Human Liver Tumor-Associated Endothelial Cells

Osimertinib Effectively Inhibits HCC Angiogenesis in Primary Human Liver Tumor-Associated Endothelial Cells In Vitro.

Hepatocellular carcinoma (HCC) is a leading cause of cancer-related deaths globally. Osimertinib, a selective EGFR tyrosine kinase inhibitor approved for non-small cell lung cancer, has shown anti-cancer activity in EGFR-independent pathways. Huang's team investigated the effects of osimertinib on HCC and angiogenesis, and explored its potential synergistic effects with venetoclax, a selective Bcl-2 inhibitor. Human liver tumor-associated endothelial cells (HLTEC) were used to model HCC angiogenesis. HLTEC and osimertinib were plated on a Matrigel matrix enriched with exogenous factors and extracellular matrix. In the control group, HLTEC formed extensive and smooth tubular structures, whereas osimertinib-treated HLTEC failed to align and form a capillary network (Fig. 1A). Quantification showed that osimertinib inhibited HLTEC capillary network formation in a dose-dependent manner (Fig. 1B). Additionally, osimertinib induced apoptosis in HLTEC (Fig. 1C). A time course analysis revealed that osimertinib did not induce HLTEC apoptosis within 6 hours, but apoptosis appeared to begin after 24 hours (Fig. 1D). Therefore, ruling out the possibility that the anti-angiogenic effect of osimertinib was derived from its ability to induce apoptosis.

Fig. 1. Osimertinib inhibits HCC angiogenesis in vitro of primary human liver tumor associated endothelial cell (Huang, Q., He, S., et al., 2023).
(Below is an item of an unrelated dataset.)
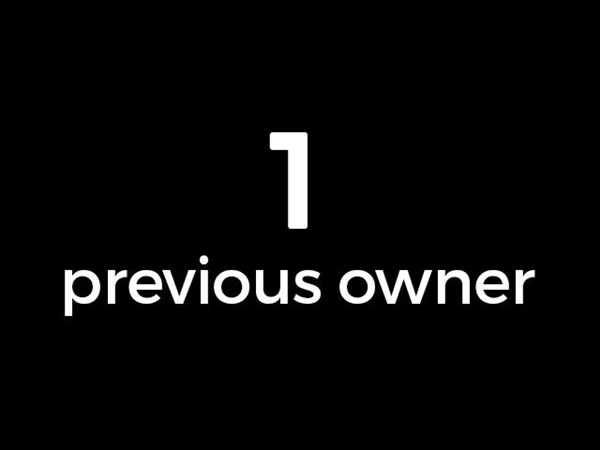 Large image for the Used Peugeot PARTNER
Genetic Difference of Sk-Hep1-Derived Tumor Tissue between Male and Female Mice

Estrogen is considered to be one of the factors influencing liver cancer, however, its role in liver cancer progression remains unclear. Oh, S. et al. investigated how estrogen influences the progression of liver cancer by transplanting SK-Hep1 (human liver tumor associated endothelial cells) into ovariectomized mice and examining the growth of tumor tissues after estrogen treatment (Fig. 2a). From the total RNA sequencing data, 15 genes, including KiSS-1 metastasis-suppressor, Golgi transport 1A, meiosis expressed gene 1 homolog, MMP7, oxidized low density lipoprotein, transmembrane protein 52B, GSG1, ABI family member 3, signal-regulatory protein gamma, hemopoietic cell kinase, RP11-219E24.1, BOC cell adhesion associated, lysosomal-associated membrane protein, C6orf15, and HECT, C2 and WW domain containing E3 ubiquitin protein ligase 1 were exclusively expressed in female-derived tumors (Fig. 2b). Among these genes, MMP7, GSG1, and C6orf15 significantly affected liver cancer patients' overall survival (Fig. 2c) and could serve as predictive biomarkers. Low MMP7 and high GSG1 and C6orf15 expression levels correlated with prolonged survival. Protein levels of these genes were higher in female tumors (Fig. 2d), indicating gene expression variability based on endogenous factors.

Fig. 2. Difference in gene expression between male and female mice bearing SK-Hep1-derived tumor (Oh S, Kwon HJ, et al., 2021).